CSAE also awarded Culhane its Pinnacle Award last year for exceptional and outstanding leadership in the not-for-profit sector.

Creating alliances with other associations has continued to help the CPA in its advocacy work, Culhane said.

“Last year when the Employment Insurance efficiencies task force of Parliament was looking for input, we made two presentations to the group,” said Culhane.

“We were the first people they talked to and the last people they talked to. The reason for that is that a couple of the other associations and government folks said, ‘You’ve got to talk to the CPA. They know more about employment insurance (EI) than any other employer group,’” he said. “When you get other associations telling somebody to put you on their agenda, you know that you have been effective.”

Looking ahead in advocacy, Culhane said he expects the CPA will continue to focus on EI, including the Record of Employment (ROE).

“In our work with the EI efficiencies task force, we have indicated that the way forward is to use actual payroll data instead of the ROE. That’s going to take us major places,” he said.

He added that the association is also interested in working with the government to find ways to improve EI administration to reduce the costs of benefit overpayments.

Besides EI, the CPA will likely work towards further changes to employer remittances to the Canada Revenue Agency and Revenu Québec, said Culhane.

“Currently, large employers — thresholds one and two — have three business days to provide their remittance from the previous year.

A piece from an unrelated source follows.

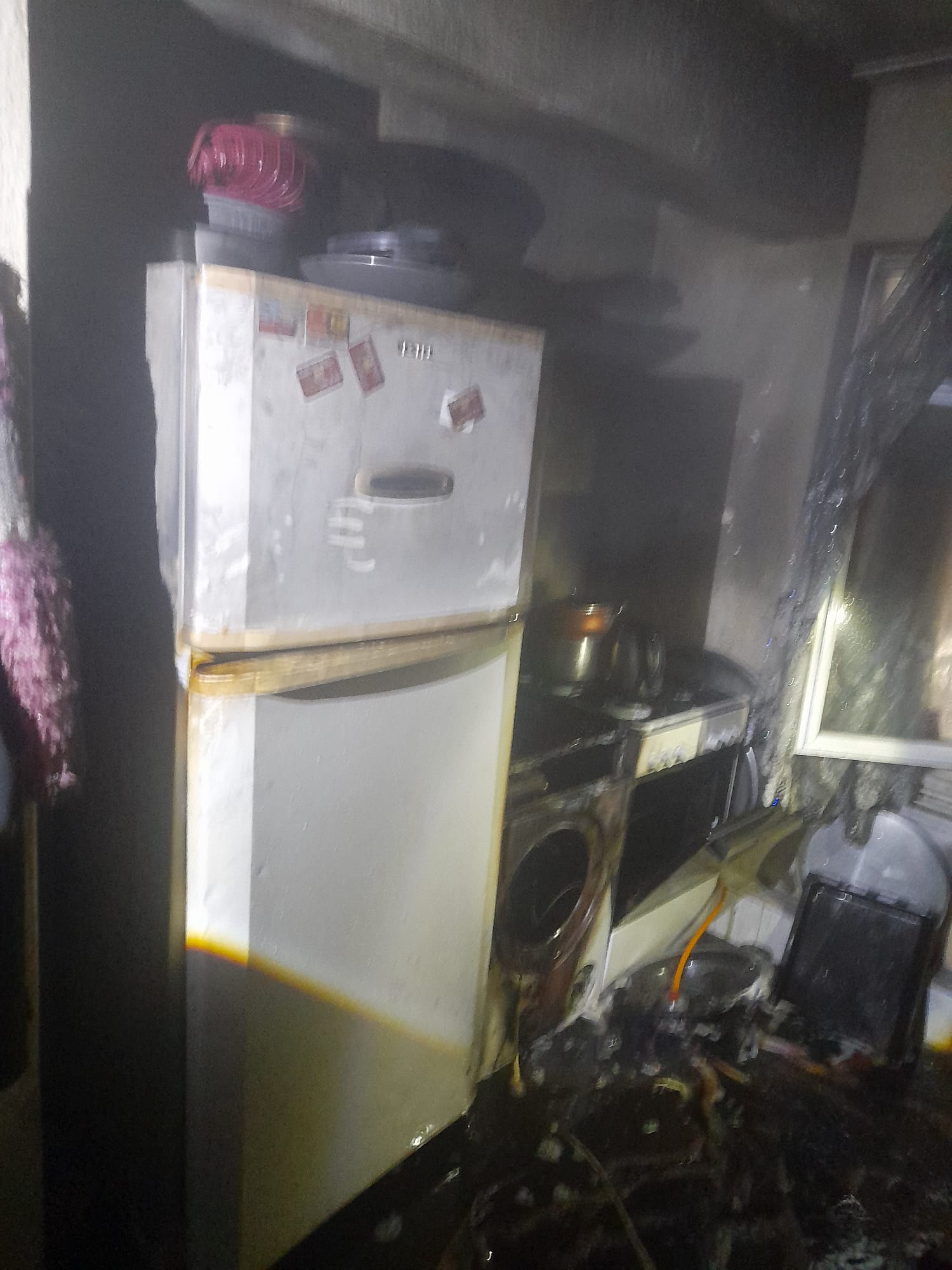 19901D4D 5D84 4C44 8Cff 76873C9B184D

Three business days into January. Meanwhile, smaller employers have until Jan. 15. How does that make sense?”

“You’ve got more complicated payrolls with stock option plans or cars and other vehicles that are, for all intents and purposes, being administered by a third party. How is that Dec. 31 reporting even going to get to the company (from the third party) within three business days, much less being able to make the remittance? That’s something that we’re working on with them,” he said.

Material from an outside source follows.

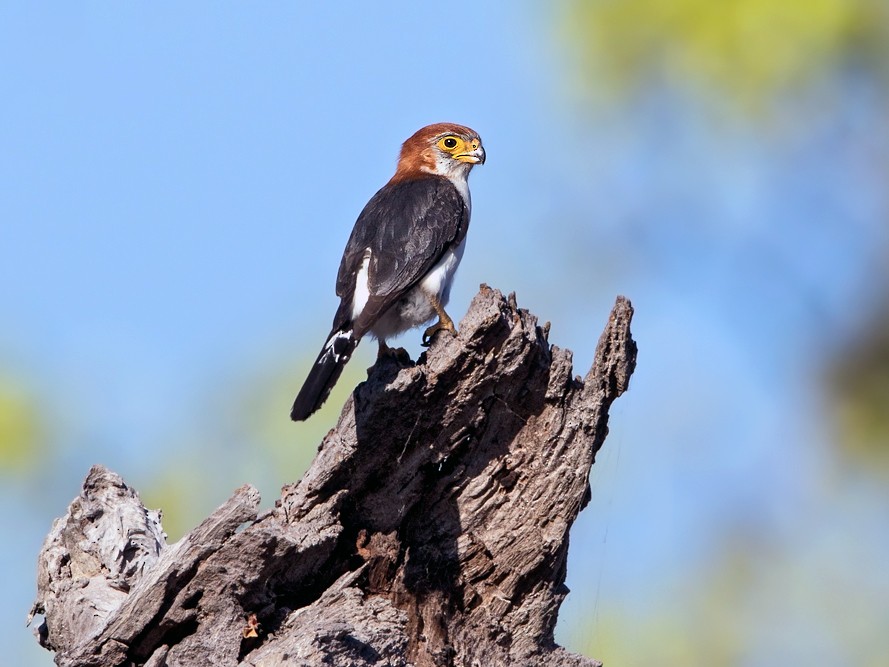 White-rumped Falcon - Dubi Shapiro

Taxable benefits will also continue to be an advocacy issue, he said, adding that the federal government needs to provide more guidance on some benefits and consider implementing thresholds for others.

For instance, he noted that employer-provided parking is a taxable benefit from the first dollar in Canada, while in the U.S., employees can receive up to $260 a month in parking benefits before they are taxable.

Besides government advocacy, Culhane said the association plans to promote payroll as a profession to other professionals.

“The next big public relations and marketing push for the CPA is going to be to make sure that we influence the professional accountants and the HR professionals to recognize that payroll is a profession and that it is a compliance-based function,” he said.

“Just like you need a professional accountant or a professional HR director, you should have your payroll staff professional,” said Culhane.

His fellow staffers will be missed, he said.

“I have been blessed to have the opportunity to meet so many people and great professionals. No ifs, ands or buts about it.”